• Dataset extract
——————

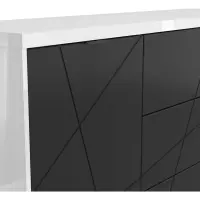 Cómoda Forn 156 cm con puertas y 3 cajones blanco brillo/negro mate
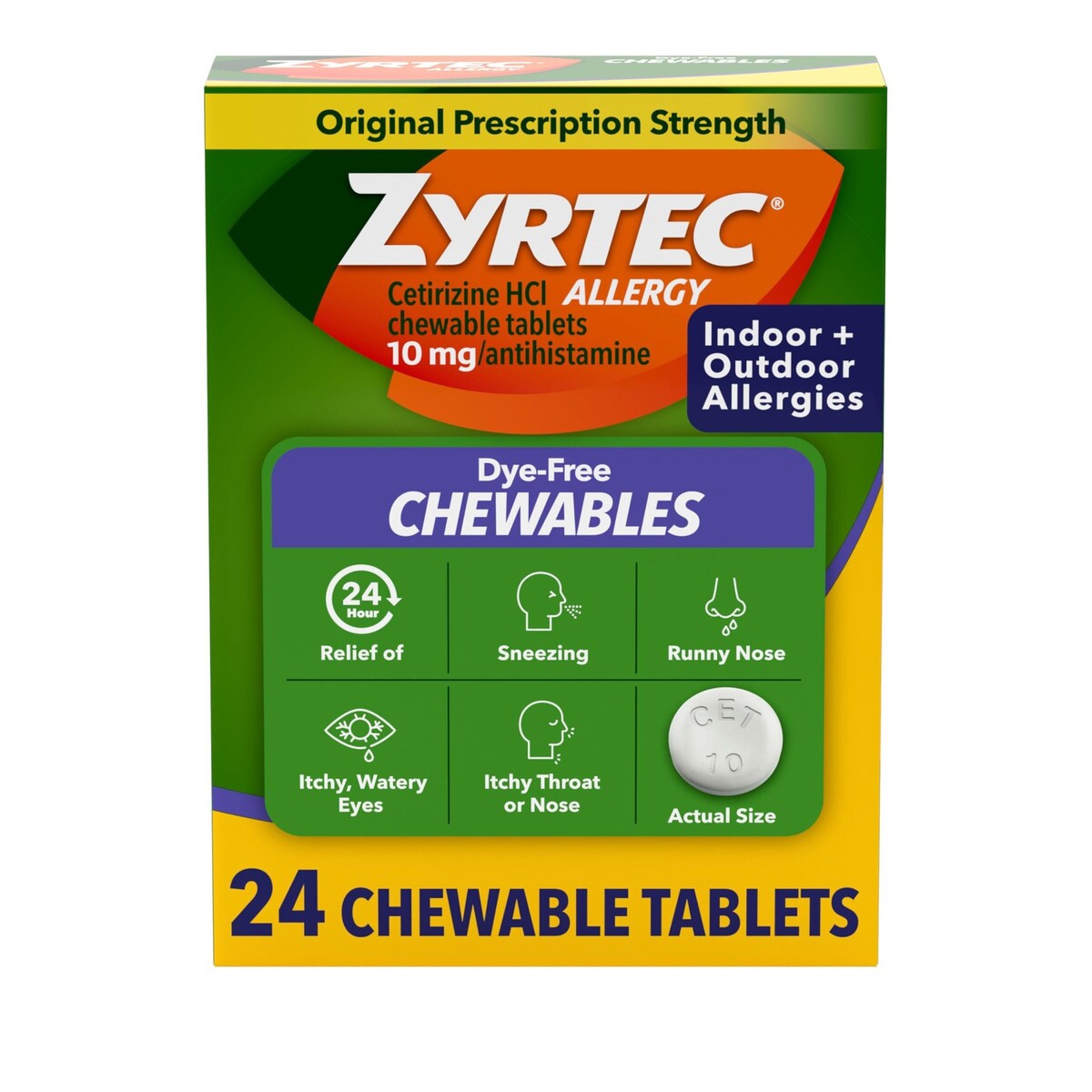 READ Zyrtec 24 Hour Allergy Relief Chewable Tablets, 10 mg Cetirizine 24... - $13.85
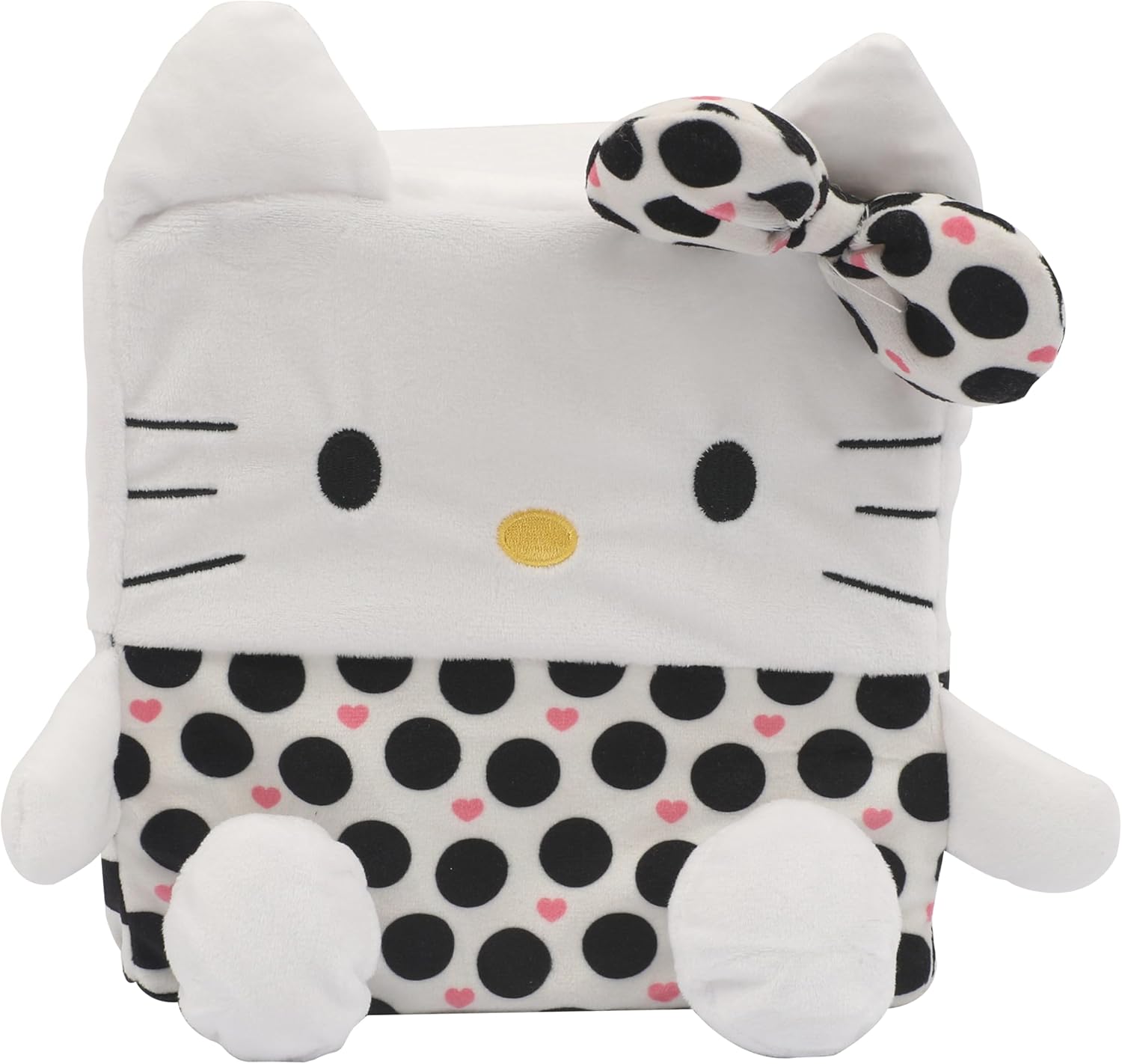 Hello Kitty Cubeez Spots 20 cm - Ultimate Stackable Cuddly Toy with Soft Memory Foam for a Squishy Feel, Perfect for Collecting, Stacking and Displaying Hello Kitty Fans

——————

• What is being asked
In the copy, include no pictures, but repeat the listing exactly.

• Reply
 Cómoda Forn 156 cm con puertas y 3 cajones blanco brillo/negro mate
 READ Zyrtec 24 Hour Allergy Relief Chewable Tablets, 10 mg Cetirizine 24... - $13.85
 Hello Kitty Cubeez Spots 20 cm - Ultimate Stackable Cuddly Toy with Soft Memory Foam for a Squishy Feel, Perfect for Collecting, Stacking and Displaying Hello Kitty Fans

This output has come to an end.